» **Saved entries**:
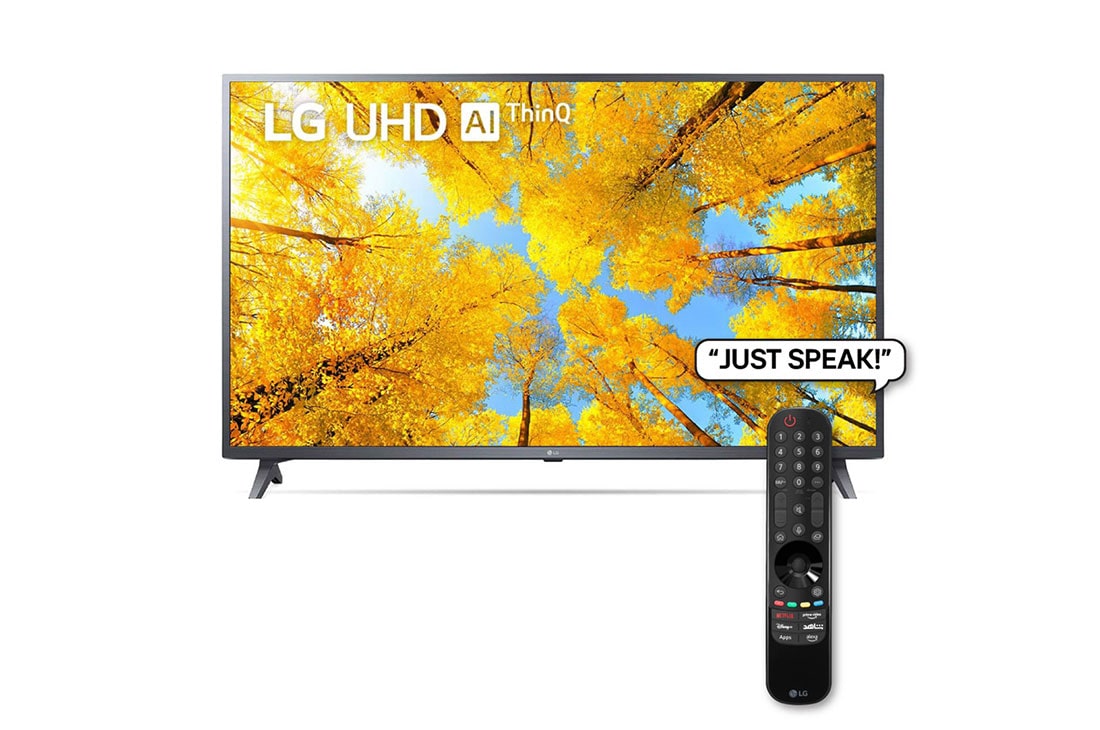 LG 4K UHD 55'' ThinQ Smart TV with Magic Remote, HDR & webOS, A front view of the LG UHD TV with infill image and product logo on, 55UQ75001LG
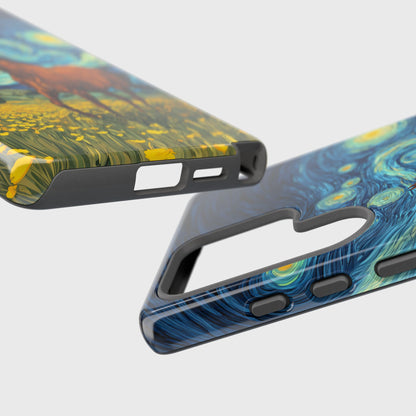 Starry Night Stallion Design Phone Case for Galaxy S series Phones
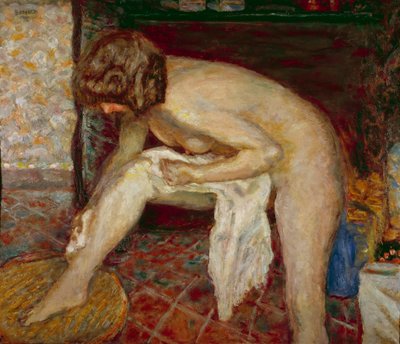 Naken har toalettet sitt foran peisen Maleri av Pierre Bonnard (1867-1947) 1907 Privat samling av Pierre Bonnard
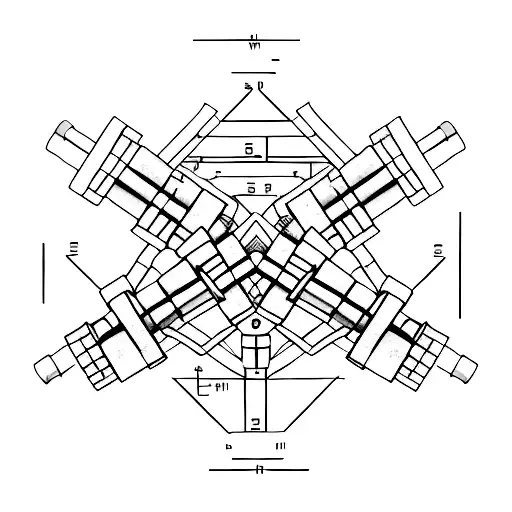 A minimalist tattoo of a dumbbell intertwined with a blueprint, representing your dedication to both the gym and civil engineering. tattoo design idea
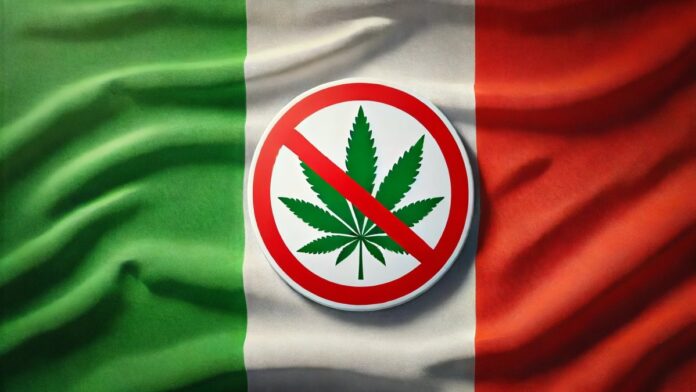 Flaga Włoch z symbolem zakazu konopi, symbolizująca rządowy zakaz uprawy, produkcji i sprzedaży konopi.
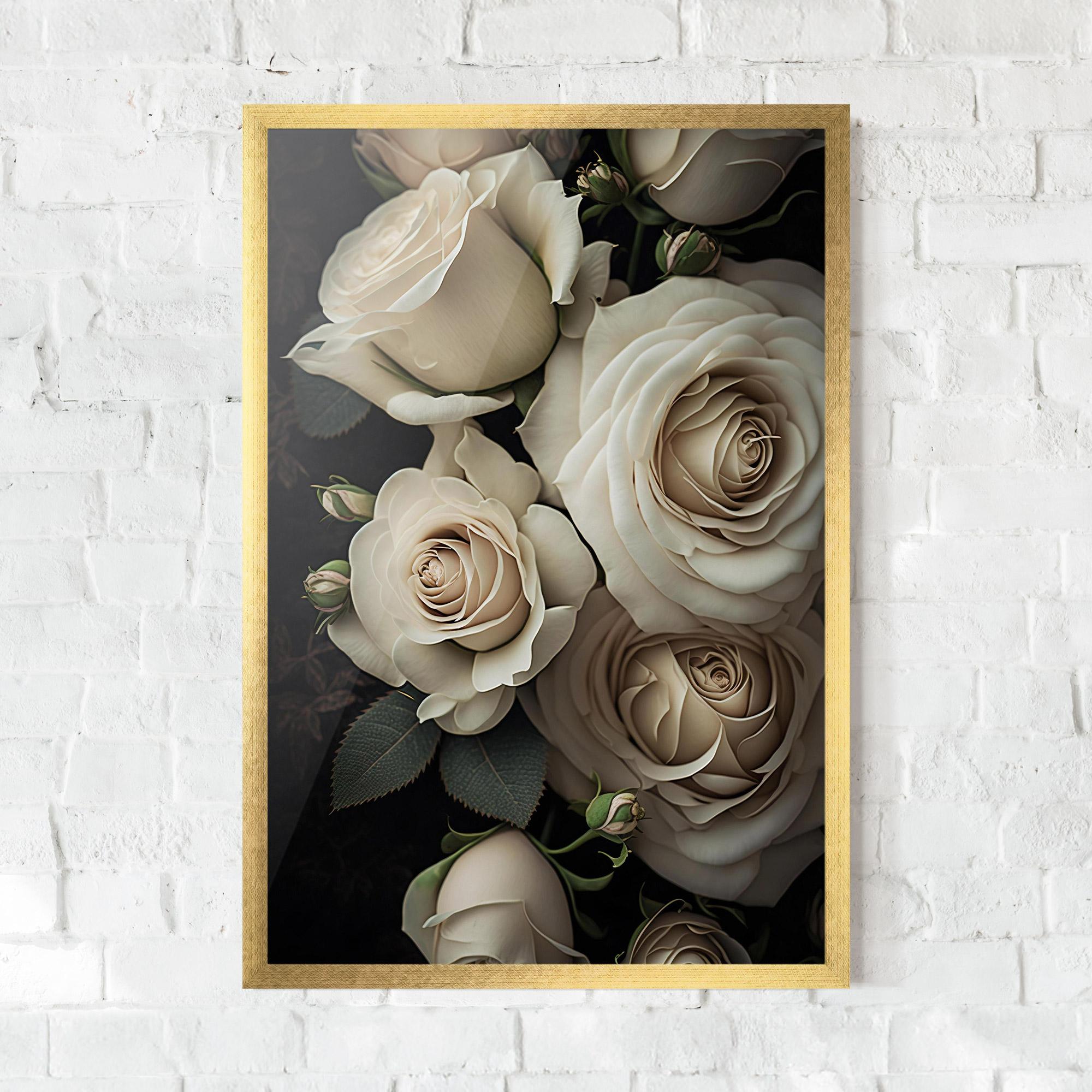 Poster Înrămat Cream Roses Close Up mockup 0
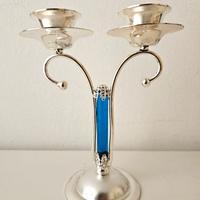 Portacandele a due posti in silver plate h 15 cm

» **Activity**:
Repeat, exactly and with no pictures, each line from the line that holds "Naken har toalettet" through the last line of the records above.

» **Answer to the exercise**:
 Naken har toalettet sitt foran peisen Maleri av Pierre Bonnard (1867-1947) 1907 Privat samling av Pierre Bonnard
 A minimalist tattoo of a dumbbell intertwined with a blueprint, representing your dedication to both the gym and civil engineering. tattoo design idea
 Flaga Włoch z symbolem zakazu konopi, symbolizująca rządowy zakaz uprawy, produkcji i sprzedaży konopi.
 Poster Înrămat Cream Roses Close Up mockup 0
 Portacandele a due posti in silver plate h 15 cm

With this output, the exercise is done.